Activity —
Print the data below exactly, but only the lines from the one containing "Trofeum Ligi Konferencji" down to the one containing "Pink roses and", inclusive.

Data —

# # # # #

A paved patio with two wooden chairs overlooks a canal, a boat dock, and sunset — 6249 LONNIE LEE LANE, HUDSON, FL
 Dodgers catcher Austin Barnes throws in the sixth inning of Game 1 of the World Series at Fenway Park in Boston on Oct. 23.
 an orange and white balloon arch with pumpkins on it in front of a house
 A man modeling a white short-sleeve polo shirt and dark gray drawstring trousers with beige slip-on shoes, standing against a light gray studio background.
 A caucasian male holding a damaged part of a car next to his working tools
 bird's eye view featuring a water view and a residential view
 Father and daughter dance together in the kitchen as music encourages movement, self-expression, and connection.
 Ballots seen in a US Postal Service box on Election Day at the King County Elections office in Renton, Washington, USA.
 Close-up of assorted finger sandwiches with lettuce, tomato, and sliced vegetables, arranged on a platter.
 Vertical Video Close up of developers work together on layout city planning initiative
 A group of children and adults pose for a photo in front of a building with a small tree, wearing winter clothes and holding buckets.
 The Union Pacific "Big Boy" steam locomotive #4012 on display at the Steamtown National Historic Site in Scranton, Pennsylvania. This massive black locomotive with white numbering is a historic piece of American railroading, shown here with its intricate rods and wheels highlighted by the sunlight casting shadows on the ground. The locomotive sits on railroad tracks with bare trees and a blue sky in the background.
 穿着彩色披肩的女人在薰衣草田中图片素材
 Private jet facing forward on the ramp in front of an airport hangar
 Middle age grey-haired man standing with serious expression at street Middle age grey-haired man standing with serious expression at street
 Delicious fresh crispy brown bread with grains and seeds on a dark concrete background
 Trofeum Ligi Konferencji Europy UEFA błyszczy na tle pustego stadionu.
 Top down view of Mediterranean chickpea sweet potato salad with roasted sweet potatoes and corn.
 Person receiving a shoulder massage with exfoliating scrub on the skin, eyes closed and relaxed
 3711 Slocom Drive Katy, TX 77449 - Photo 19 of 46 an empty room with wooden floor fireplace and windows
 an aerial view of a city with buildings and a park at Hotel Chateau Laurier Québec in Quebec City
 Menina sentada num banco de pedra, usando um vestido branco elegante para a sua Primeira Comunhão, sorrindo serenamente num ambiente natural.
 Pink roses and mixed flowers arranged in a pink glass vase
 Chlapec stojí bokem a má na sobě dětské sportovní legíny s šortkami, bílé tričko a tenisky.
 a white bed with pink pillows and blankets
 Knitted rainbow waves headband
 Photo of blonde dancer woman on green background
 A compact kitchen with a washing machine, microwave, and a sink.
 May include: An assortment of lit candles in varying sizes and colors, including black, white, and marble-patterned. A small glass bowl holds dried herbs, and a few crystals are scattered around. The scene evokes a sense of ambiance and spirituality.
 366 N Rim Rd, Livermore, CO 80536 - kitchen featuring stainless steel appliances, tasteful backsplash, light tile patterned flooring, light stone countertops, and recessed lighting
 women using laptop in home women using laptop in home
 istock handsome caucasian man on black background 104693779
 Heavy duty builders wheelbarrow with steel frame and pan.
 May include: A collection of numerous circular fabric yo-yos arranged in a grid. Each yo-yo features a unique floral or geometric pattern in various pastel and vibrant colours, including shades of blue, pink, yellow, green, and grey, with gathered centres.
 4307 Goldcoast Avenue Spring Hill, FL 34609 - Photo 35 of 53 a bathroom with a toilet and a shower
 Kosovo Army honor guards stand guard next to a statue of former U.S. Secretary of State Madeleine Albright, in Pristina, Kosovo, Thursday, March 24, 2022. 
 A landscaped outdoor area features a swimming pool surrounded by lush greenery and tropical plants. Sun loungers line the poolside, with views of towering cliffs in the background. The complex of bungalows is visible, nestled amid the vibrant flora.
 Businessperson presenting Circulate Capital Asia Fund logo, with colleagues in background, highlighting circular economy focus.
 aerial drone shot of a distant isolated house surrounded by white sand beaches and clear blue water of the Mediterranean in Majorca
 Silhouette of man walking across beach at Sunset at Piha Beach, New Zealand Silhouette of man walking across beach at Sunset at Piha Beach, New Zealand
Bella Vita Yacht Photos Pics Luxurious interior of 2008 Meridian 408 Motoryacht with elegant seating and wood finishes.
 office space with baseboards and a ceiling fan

# # # # #

Response area —
 Trofeum Ligi Konferencji Europy UEFA błyszczy na tle pustego stadionu.
 Top down view of Mediterranean chickpea sweet potato salad with roasted sweet potatoes and corn.
 Person receiving a shoulder massage with exfoliating scrub on the skin, eyes closed and relaxed
 3711 Slocom Drive Katy, TX 77449 - Photo 19 of 46 an empty room with wooden floor fireplace and windows
 an aerial view of a city with buildings and a park at Hotel Chateau Laurier Québec in Quebec City
 Menina sentada num banco de pedra, usando um vestido branco elegante para a sua Primeira Comunhão, sorrindo serenamente num ambiente natural.
 Pink roses and mixed flowers arranged in a pink glass vase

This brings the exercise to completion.